You gotta fight for your right to migrate. Then Mexican presidential candidate Andres Manuel Lopez Obrador’s remarkable promise to fight for the right of everyone in the whole world to migrate to the US is what first prompted me to write this series beginning in June 2018.
“Mexican Presidential Candidate Calls Mass Migration to US a ‘Human Right,’ ” ran the Daily Caller’s headline on June 22, 2018.
No sooner had I finished reading this remarkable statement than I realized that I’d soon be writing my second extended series on immigration.
It may seem to some that Lux Lucet has become an immigration blog, what with the subject occupying such a large portion of my posts over the past two and a half years. My first series, Immigration, Citizenship and the Bible, took me nearly a year-and-a-half to write and represented my first extended effort on the subject of immigration.
So why, after spending all that time and energy completing on extended immigration series, did I start another one less than six months later? There are several reasons.
First, immigration is a fascinating topic, one that incorporates a number of my favorite fields of study. It’s part politics, part economics, part philosophy and part theology. What’s not to like?
Second, it’s a critically important topic. Parents, at least wise one’s, naturally want to pass their heritage to their children and to see them prosper in the way. In Deuteronomy, we see this expressed in the saying that the Lord keeps covenant and mercy for a thousand generations with those who love him. Likewise, we’re told in Proverbs that a good man leaves an inheritance to his children’s children. Fathers are encouraged to raise their children in the fear and admonition of the Lord, and children to obey their father and mother. But if current trends continue in the US and in Western Europe, it may well be that in a few decades not a few of these nations will cease to exist in anything like their historic form. There may be a France and a Germany and a United States, but these could well be just legacy place names only, with the actual peoples that historically occupied those places and their cultures being largely or entirely wiped out. The destruction of one’s heritage is not a blessing, but a sign of God’s curse. If the public policies pursued by the leaders of a nation and its people result, not in prosperity for their posterity, but in their destruction, it is reasonable to conclude that those policies are contrary to the law of God and must be repented of.

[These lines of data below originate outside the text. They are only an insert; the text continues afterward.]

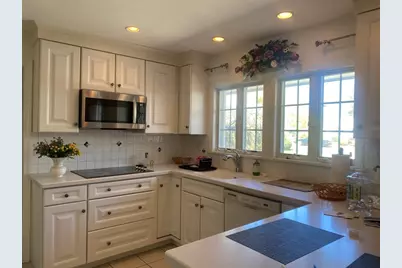 110 Fairview Avenue, Brockton, MA 02301 - Photo 9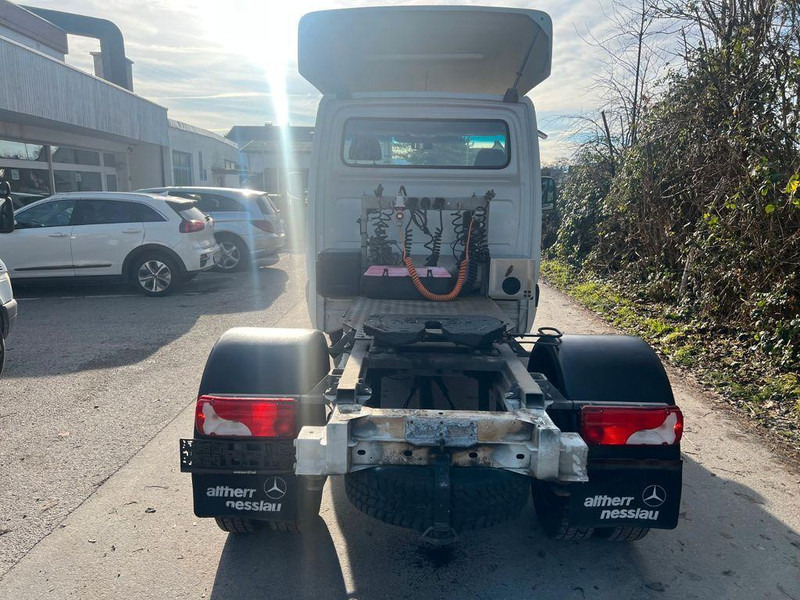 Mercedes-Benz SPRINTER 519 - Tracteur routier BE: photos 4 Mercedes-Benz SPRINTER 519 - Tracteur routier BE: photos 4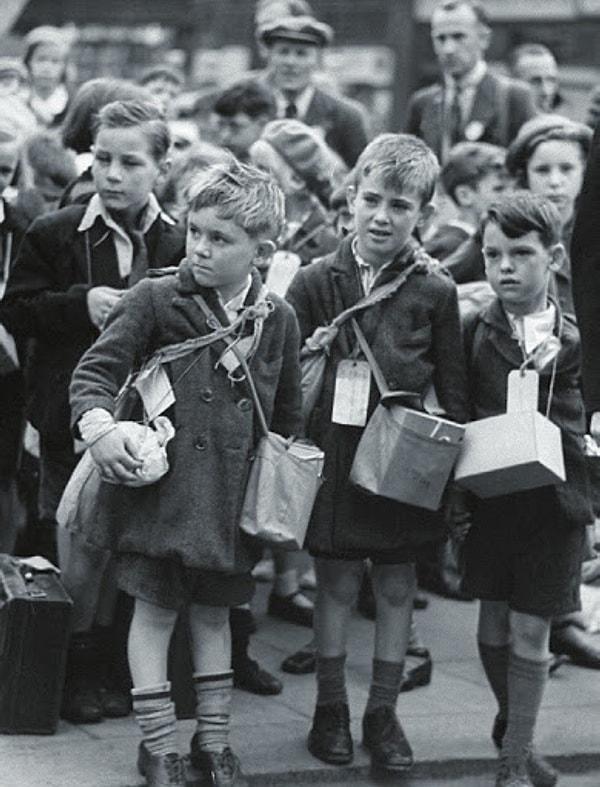 11. İkinci Dünya Savaşı sırasında ülkenin uzak köşelerine gönderilen Londralı çocuklar.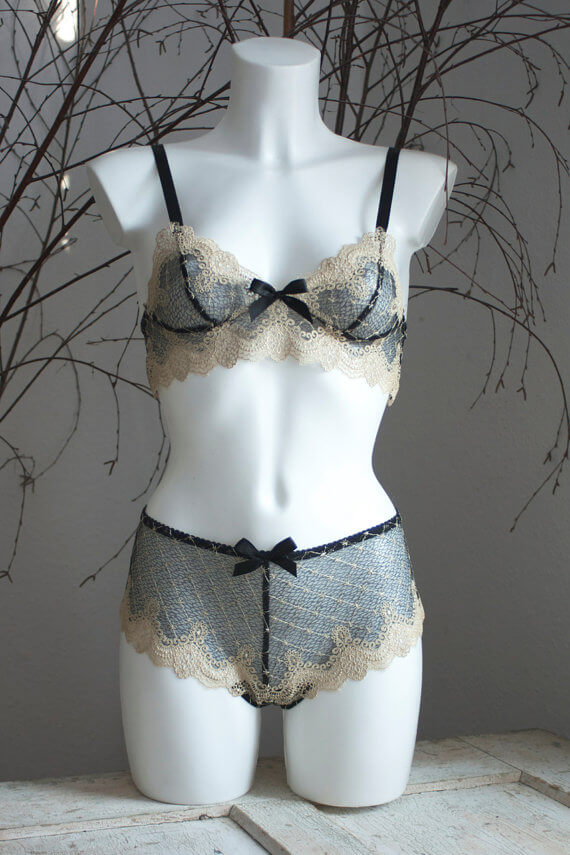 paranoire-lingerie-lace-set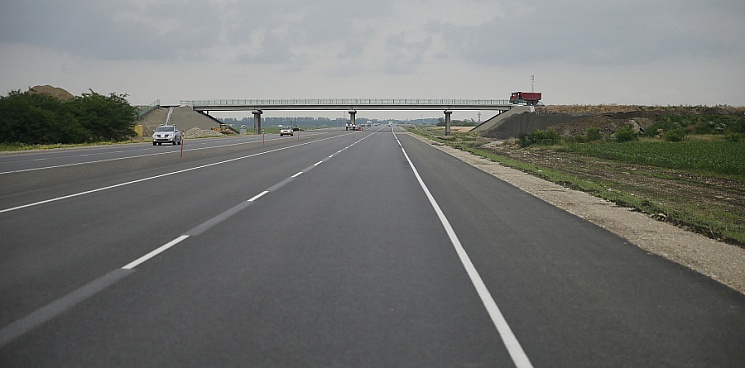Стало известно, сколько денег выделят на ремонт дорог на Кубани в 2022 году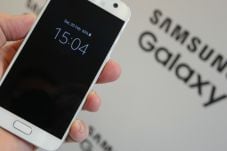 Samsung Galaxy S7 Mini...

Third, immigration is one of the most poorly understood topics. If one is to prevent the destruction of one’s society, one first must understand why his society is being destroyed. But discussions of immigration policy, being prone as they are to emotional outbursts, are, for that reason, not always fruitful. I’ve heard Daniel McAdams, a former Congressional staffer for Ron Paul and Dr. Paul’s current co-host on the Liberty Report, say that immigration was his least favorite topic because of the extreme positions taken by various sides on the issue. For this reason, it’s important to find a way to talk about immigration in a way that focuses on ideas and not on people.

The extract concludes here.